Stanno muovendo i primi passi oltralpe anche i Negramaro, la cui ultima turnèe ha toccato varie città europee tra cui Varsavia e lo storico Hard Rock Calling di Londra. Coroneranno il successo dell'ultima raccolta suonando a San Siro e all'Olimpico di Roma, una carriera sempre in crescendo.
Peccato che il mito dell'italiano pizza spaghetti e mandolino perseveri, a causa anche delle tournee di Renzo Arbore e della sua Orchestra italiana. Per un ricambio musicale anche all'estero ci vorrebbe ben altro...

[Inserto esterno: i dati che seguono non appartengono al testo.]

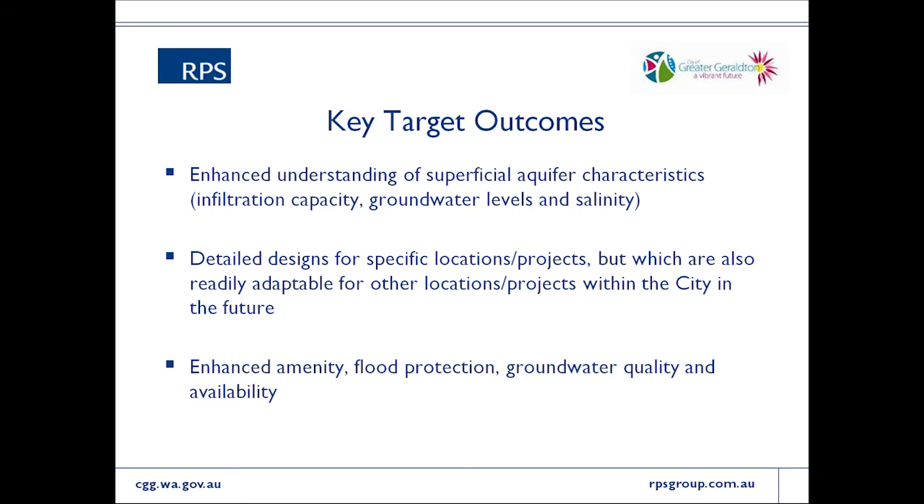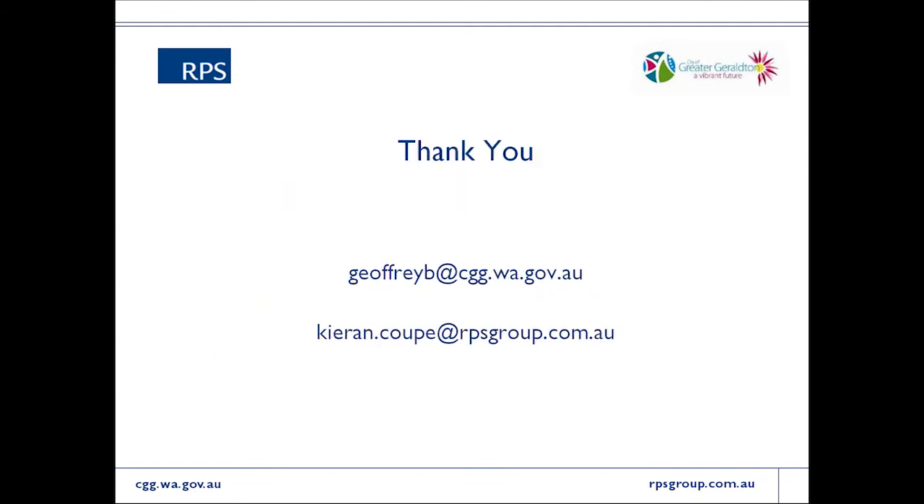The outcomes the city is hoping to achieve through this project include a better understanding of the superficial aquifer — at present there's conflicting anecdotal evidence and limited detailed study, particularly given Geraldton's position at the top of the Swan Coastal Plain with considerable geological variation over short distances. The city will also be left with detailed designs for specific locations that can go to tender and be built before the 30 June deadline next year, along with general benefits such as increased amenity and flood protection.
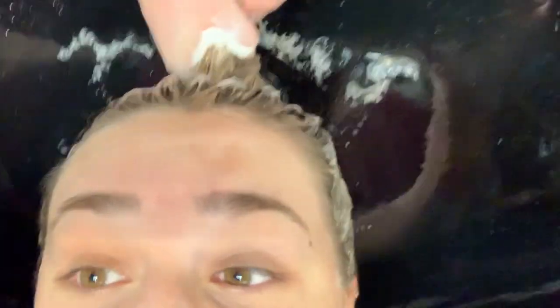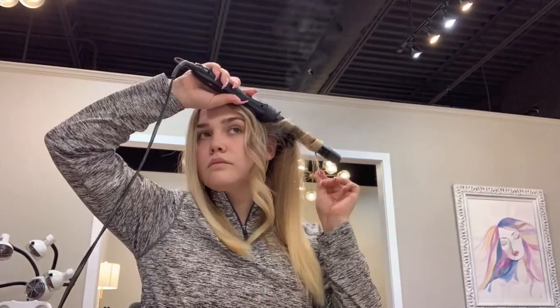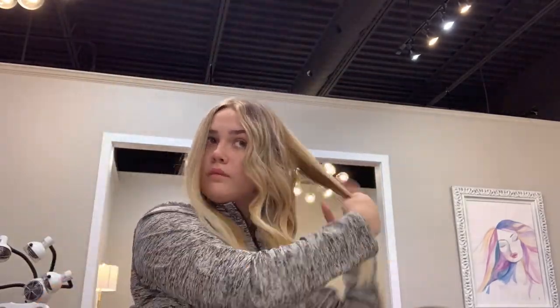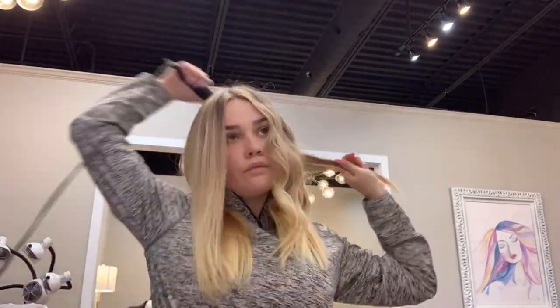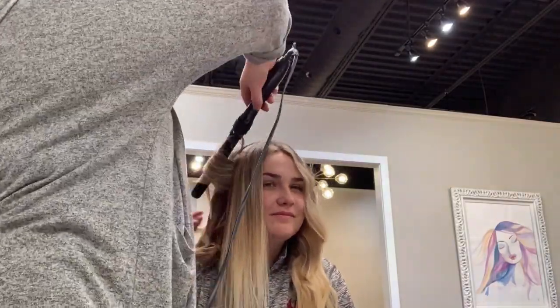My sister is now washing my hair. So you guys, I put on a cute little sweater and now it's time to do my makeup.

E ci sarebbe voluto anche un altro tipo di approccio da parte di alcuni mostri sacri della musica italiana. Sto parlando di Vasco Rossi, che non ha mai provato il grande salto, forse spaventato dagli esiti poco confortanti dei tentativi di Lucio Battisti anni prima.
E parlo anche di Luciano Ligabue, un altro che ci avrebbe almeno potuto provare, perchè certo non fanno testo i recenti concerti che ha tenuto a Londra.
Avrebbero dovuto prendere esempio da chi invece all'estero ce l'ha fatta. Grosse soddisfazioni se le sono tolte i grandi gruppi progressive del passato. Penso alla PFM, autrice di dischi in inglese entrati in classifica sia in Gran Bretagna che negli States, o al Banco del Mutuo Soccorso. E non solo lì, in Giappone vanno pazzi per il nostro progressive, tanto che pochi mesi fa c'è stato un Festival Prog di musica italiana che ha richiamato tanta tanta gente.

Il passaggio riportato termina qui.